How, then, my virtuous and enlightened hearers, could we accept this frightful story on the wretched evidence which is offered in support of it?

Run briefly over the books that have been falsely attributed to Moses. I say falsely, since it is not possible for Moses to have written about things that happened long after his time. None of us would believe that the memoirs of William, Prince of Orange, were written with his own hand if there were allusions in these memoirs to things that happened after his death. Let us see what is narrated in the name of Moses. First, God created the light, which he calls “day”; then the darkness, which he calls “night,” and it was the first day. Thus there were days before the sun was made.

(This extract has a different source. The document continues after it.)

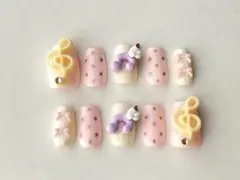 No.33 ネイルチップ　現品　ウィッシュコア　Y2K 平成　音符　星　紫　黄色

On the sixth day God makes man and woman; but the author, forgetting that woman has been made already, afterwards derives her from one of Adam’s ribs. Adam and Eve are put in a garden from which four rivers issue; and of these rivers there are two, the Euphrates and the Nile, which have their sources a thousand miles from each other. The serpent then spoke like a man; it was the most cunning of animals. It persuades the woman to eat an apple, and so has her driven from paradise. The human race increases, and the children of God fall in love with the daughters of men. There were giants on the earth, and God was sorry that he had made man. He determined to exterminate him by a flood; but wished to save Noah, and ordered him to make a vessel of poplar wood, three hundred cubits in length. Into this vessel were to be brought seven pairs of all the clean animals, and two pairs of the unclean. It was necessary to feed them during the ten months that the water covered the earth. You can imagine what would be needed to feed fourteen elephants, fourteen camels, fourteen buffaloes, and as many horses, asses, deer, serpents, ostriches—in a word, more than two thousand species.[62] You will ask me whence came the water to cover the whole earth and rise fifteen cubits above the highest mountains? The text replies that it came from the cataracts of heaven. Heaven knows where these cataracts are. After the deluge God enters into an alliance with Noah and with all the animals; and in confirmation of this alliance he institutes the rainbow.

Those who wrote these things were not, as you perceive, great physicists. However, here is Noah with a religion given to him by God, and this religion is neither Jewish nor Christian. The posterity of Noah seeks to build a tower that shall reach to heaven. A fine enterprise! But God fears it, and causes the workers suddenly to speak several different tongues, and they disperse. The whole is written in this ancient oriental vein.

A rain of fire converts towns into a lake; Lot’s wife is changed into a salt statue; Jacob fights all night with an angel, and is hurt in the leg; Joseph, sold as a slave into Egypt, is made first minister because he explains a dream. Seventy members of the family settle in Egypt, and in two hundred and fifteen years, as we saw, multiply into two millions. It is these two million Hebrews who fly from Egypt, and go the longest way in order to have the pleasure of crossing the sea dry-shod.

But there is nothing surprising about this miracle. Pharaoh’s magicians performed some very fine miracles. Like Moses, they changed a rod into a serpent, which is a very simple matter. When Moses changed water into blood, they did the same. When he brought frogs into existence, they imitated him. But they were beaten when it came to the plague of lice; on that subject the Jews knew more than other nations.